另一边,宋亦琛回去之后,便着手利用多个账户融券的方式借来江氏股票,他本就是投资人,最擅长的便是做空对家股票。
他本不想走这一步棋,可看到林子谦在那疯子身边,被打得看不出原样的身子,他终于不再忍了,哪怕赔上一切,他也要让林子谦脱离那个火海。
宋亦琛坐在办公室里,眼睛一眨不眨地盯着电脑。
屏幕上,是江氏集团的股价分时图,K线在早盘小幅冲高后开始回落,幅度不大,速度不快,像是一只虫子在一格一格地往下爬。
宋亦琛靠进椅背上,手指轻轻叩着桌面,眼睛没有离开屏幕过。
桌上摆着三台显示器,中间那台是交易界面,左边那台是资金监控,右边那台是几家财经网站的实时资讯。他每隔十分钟刷新一次页面,看看有没有什么新的消息出来。
办公室里只有他一个人,窗帘半拉着,光线暗暗的。
门被敲了两下,助理推门进来,手里拿着一份打印好的对账单。
“宋总,融券账户的持仓已经全部确认过了,总仓位六成。”
助理把对账单放在桌上,双手垂在身侧,等着他看。
宋亦琛拿起对账单扫了一眼,没有说话。他将对账单放下,伸手去够桌上的咖啡杯,杯底已经干了,只剩一圈褐色的印子。
“咖啡。”
他说。
“是。”
助理转身出去,门被轻轻带上。
宋亦琛重新把目光投回屏幕。江氏的股价又往下滑了一毛钱,幅度不大,但委卖盘口上那些零散的卖单正在慢慢消耗买盘。那些卖单来自七八个不同的账户,每个账户每次只挂几百手,三五百,最多八百,像滴水穿石一样,一点点砸在石头上。
这是他三天来开始的操作。
用不同账户融券借来江氏的股票,从来不大单砸盘,只用零散卖单慢慢磨。这种方式不会引起市场恐慌,不会触发交易所的异动监控,也不会让江烬的团队警觉。
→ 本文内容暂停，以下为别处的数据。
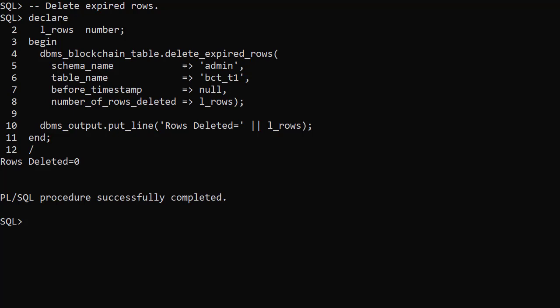Blockchain tables are quite a niche feature, but if you want a tamper-proof insert-only table you might want to consider them.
助理很快端着一杯热咖啡进来了,放在桌上,咖啡是美式,不加糖,不加奶。
“宋总,还有一件事,”
助理说,声音压得很低,
“方达证券那边的人打电话过来了,问咱们最近是不是在做江氏。”
宋亦琛端起咖啡喝了一口,烫,他皱了皱眉。
@你怎么说的?”
“我说没有,宋总最近一直在看半导体板块。”
宋亦琛放下咖啡杯,点了点头。
“方达那边的人精得很,这几天多注意一点,别走他们的通道,换银河。”
“明白。”
助理站了一会儿,似乎在等宋亦琛再说些什么,但宋亦琛没有再开口,只盯着屏幕看。助理便识趣地退了出去。
门关上之后,宋亦琛的嘴角微微弯了一下,弧度很小,几乎看不出来。
他的手机震了一下。
拿起来看,是圈内的一个朋友发来的消息:江氏那个产业园的项目好像有点问题,听说回款要往后推两个季度,你听说了吗?
宋亦琛没有回复。
这条消息是他三天前花钱让人放出去的。不是假消息,是提前放出来的真消息。江氏那个产业园的回款确实有滞后,滞后原因是政府的验收流程出了岔子,但这个消息原本要等江氏下一次的季报里才会披露。
他提前放出来了,没有大张旗鼓地放,只是在几个小范围的投资者群里提了一句,再让几个有影响力的大V随口聊了聊。
这样一来,散户们会自己把恐慌发酵出来。
宋亦琛放下手机,端起咖啡又喝了一口,这次温度刚好。
他做投资做了八年,从华尔街到香港再到深城,见过太多被情绪左右的散户。他们不需要被欺骗,只需要被提醒,提醒他们这只股票有风险,他们就会自己跑起来,跑得比谁都快。
这种操作方式他用了很多年,从未失手。
他称之为温水煮青蛙。
青蛙不会在温水里挣扎,因为它感觉不到水温的变化。等到水温升到足够高的时候,它想跳也跳不出去了。
而他要做的,就是把火调得恰到好处,不急不慢,不温不火。
桌上的内线电话响了。
宋亦琛接起来,是前台。
“宋总,有位先生说要见您,说是您的朋友。”
“叫什么?”
“他说他姓江。”
宋亦琛的手停在电话上,顿了两秒。
“让他上来。”
他挂断电话,靠在椅背里,手指又开始叩桌面。
江烬来了,他知道江烬迟早会来,但这个时间点比他预想的要早。
江氏股价刚从高位下来不到百分之八,这个跌幅对江烬来说应该不算什么,他没必要亲自跑一趟。
除非……除非他已经查到了什么。
宋亦琛没有慌。
他端起咖啡杯,把最后一口喝完,然后将杯子放在桌上,站起身,走到落地窗前,背对着门口。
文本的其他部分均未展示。